Manning doesn't use words like "special" for public consumption unless he means it.
"The culture, obviously, with the Giants is always good," he said, "and ownership is always going to do everything possible to put a winning team together. So I think there's a chance, and now it's a matter of, we've got to do our jobs."
Not many stars have done their jobs in the New York market with fewer missteps than Manning. He has tried to follow the Derek Jeter model, the stay-out-of-trouble-at-all-costs model, but nobody, not even Jeter, spends a full career in the big city without getting nicked along the way. The Yankees' captain got a little dirt on his uniform over his contentious relationship with Alex Rodriguez, and over an ugly contract standoff with management as his career was ending.

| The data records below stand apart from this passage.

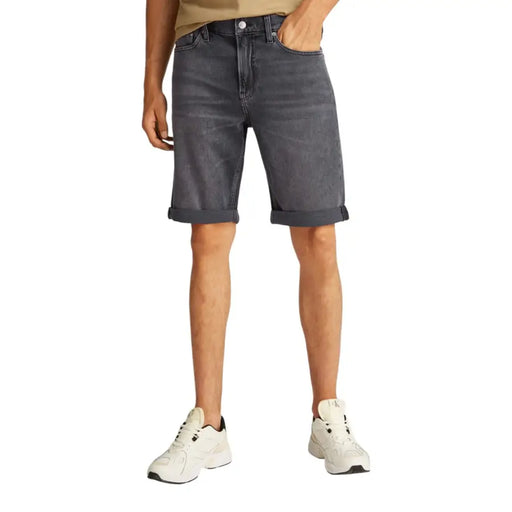 Man wearing gray denim shorts and tan T-shirt, suitable for casual summer wear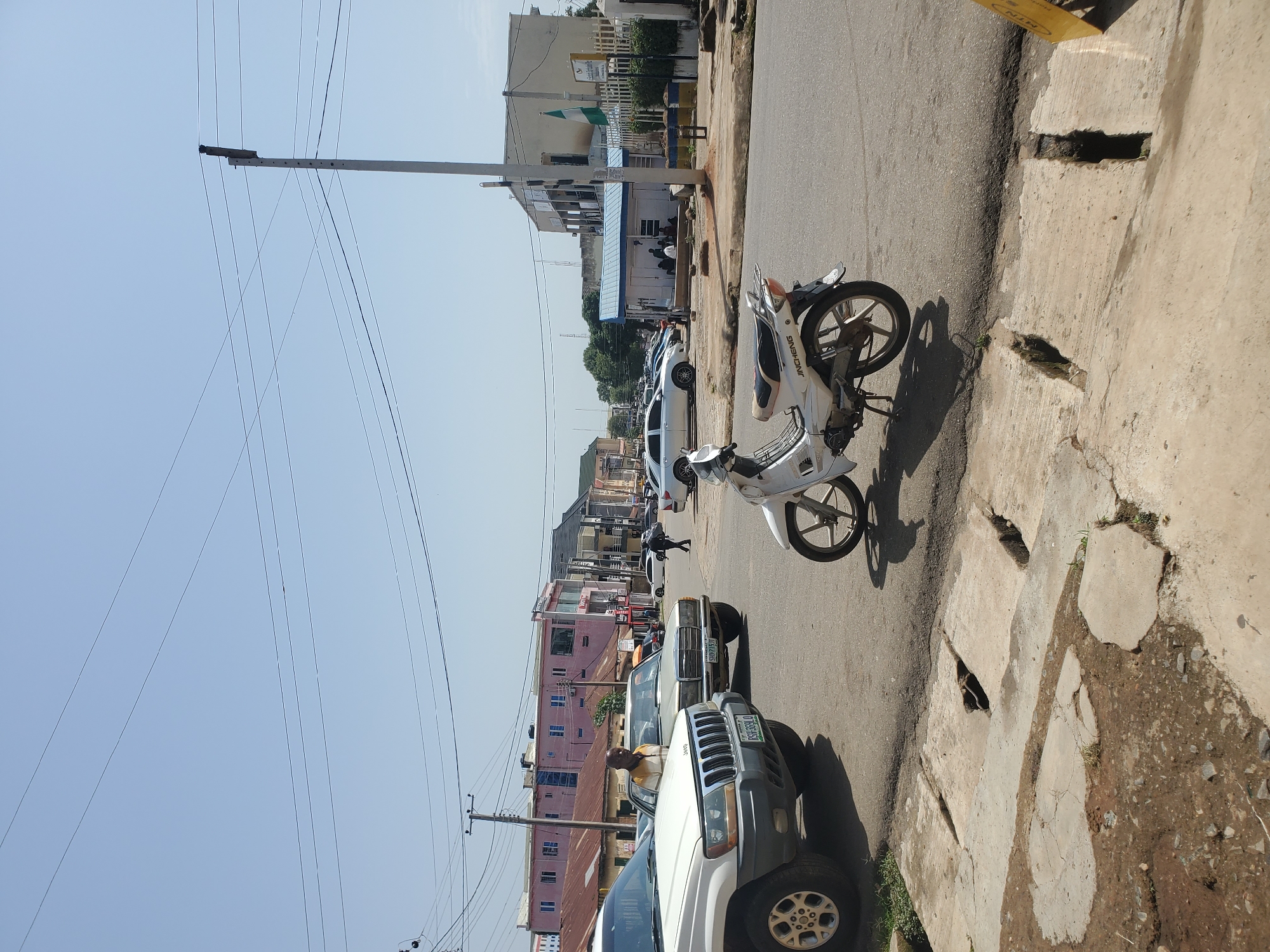 The image depicts a street scene in Jos, Nigeria. In the foreground, a white Jincheng motorcycle is parked on the right side of the road, casting a shadow. To the left, a white Jeep Grand Cherokee is also parked. The road surface is asphalt, with a concrete drainage system in the immediate foreground that appears damaged in places.
Further down the street, a man in a yellow and white striped shirt is standing next to a beige Mercedes-Benz sedan. Behind these vehicles, a row of buildings lines the street, characterized by a mix of commercial and residential architecture. The buildings vary in color and style, with some featuring corrugated metal roofs and others more modern facades. A prominent pink building with multiple windows stands out among them.
In the background, more buildings and vehicles are visible, suggesting a moderately busy urban environment. A white utility pole with power lines stretches across the upper portion of the frame. The sky is clear and blue. The overall scene conveys a typical day in an urban area, with elements of commerce, transportation, and everyday life.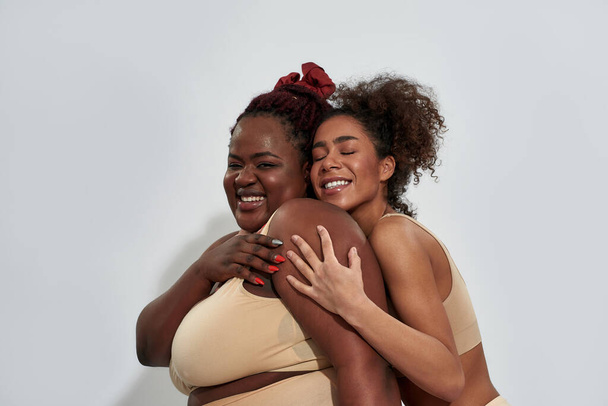 Two happy african american women in underwear with different body size having fun, posing together isolated over gray background - Fotó, kép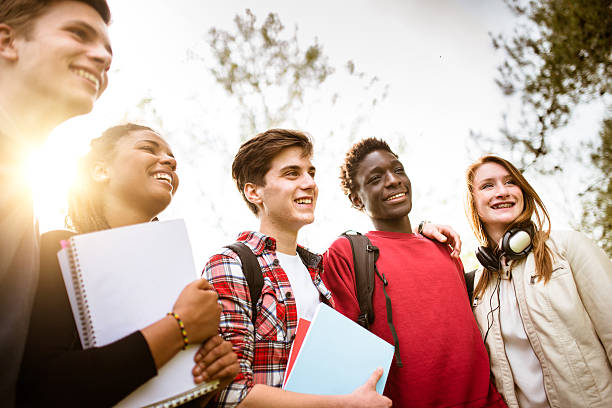 teenagers college student smiling embracing teenagers college student smiling embracing indian man walking in park stock pictures, royalty-free photos & images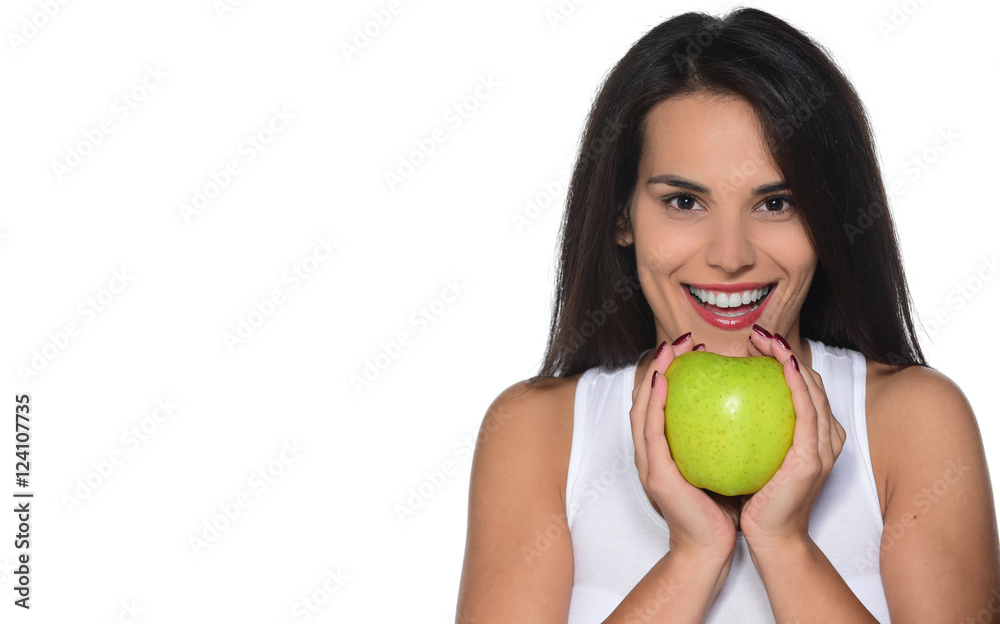 smiling woman with healthy teeth holding/eating apple. studio isolated portrait. smiling woman with healthy teeth holding/eating apple. studio isolated portrait.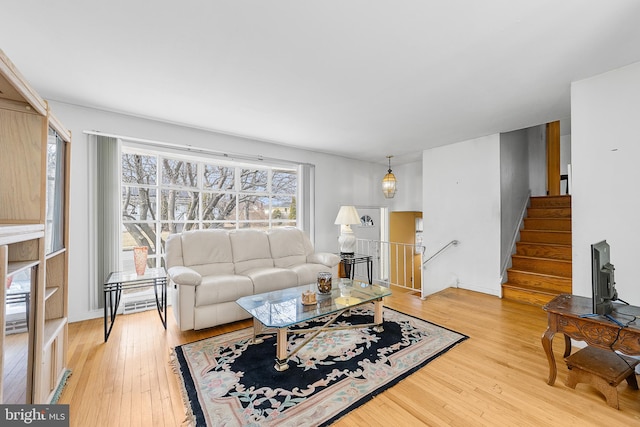 living area with stairway and light wood-type flooring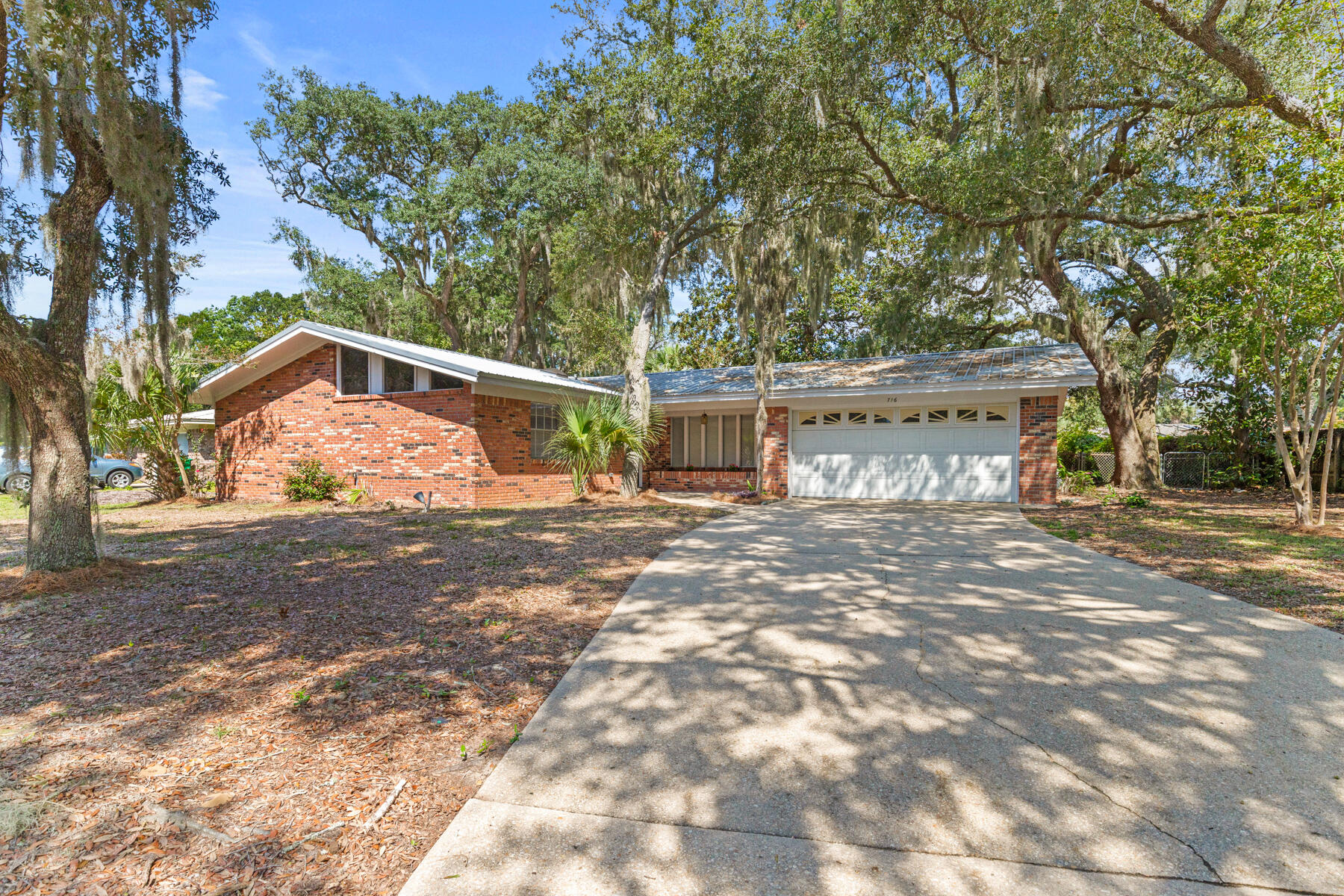 Imagine stepping into a home where comfort and endless possibilities await. Nestled in the heart of the cherished Overbrook neighborhood in Fort Walton Beach, this delightful gem warmly invites you in. The freshly painted interior accentuates the bright, airy living space showcasing vaulted ceilings and a charming brick accent wall.The expansive backyard is your blank canvas, waiting for your imagination to bring it to life--whether you dream of blossoming gardens, playful afternoons, or tranquil evenings beneath the shade of mature trees. It's a peaceful retreat that promises to become your sanctuary. Enjoy being located just minutes from the emerald coast beaches and less than 2 miles from the Fort Walton Beach Boat Launch along the picturesque Santa Rosa Sound, this home offers a true coastal lifestyle. A short distance away is Liza Jackson Park, offering the perfect place for weekend picnics or playful adventures. And close by is John M. Beasley Park, which welcomes you with sandy shores and space to enjoy sports or beachside relaxation.
716 Overbrook Street is more than just a house, it's a canvas waiting for your personal touch, a place where memories will blossom, and life will unfold. With its unbeatable location and welcoming atmosphere. Make this home a reality. Schedule your private tour today and start your next chapter here!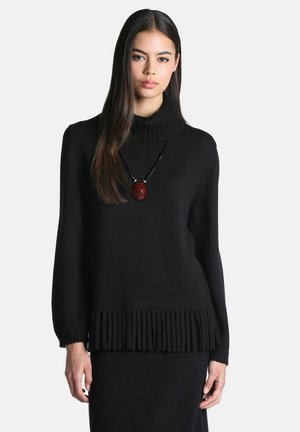 Femme portant un pull à col roulé côtelé noir et une jupe, avec de longs cheveux raides et un pendentif rouge sur un cordon noir.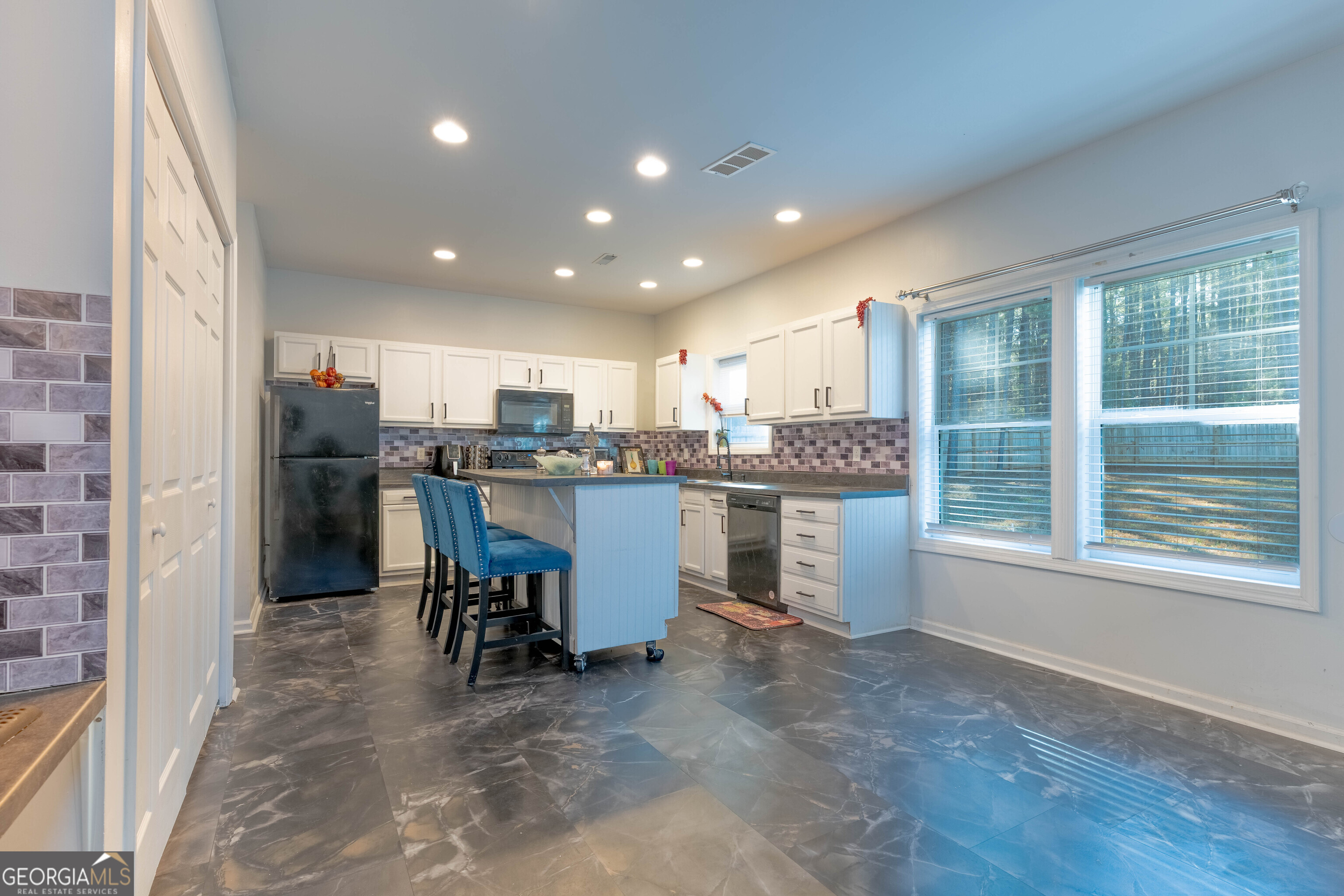 157 Watkins Road Flovilla, GA 30216 - Photo 7 of 31 a kitchen with a refrigerator and a table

Manning? He has been named in a memorabilia fraud lawsuit that alleges the quarterback and the team passed off game-used helmets and jerseys that weren't, you know, used in a game. Manning angrily denied any wrongdoing and asked that people consider his track record when shaping their opinions about the case.
That track record, Manning said after a practice this week, was born of his philosophy from day one of consistently playing to a low-volume beat. "You just try not to get overwhelmed with everything going on, and New York can do that to you," Manning said. "And the media and just, you're kind of pulled this way and that way, and answering questions and ... anything you say is going to be a headline, or anything someone else says is going to be a headline. You just can't let it get you up and down. If you're worried about it, it's just going to drive you crazy. ... That's how I've always been, and I never let it change me."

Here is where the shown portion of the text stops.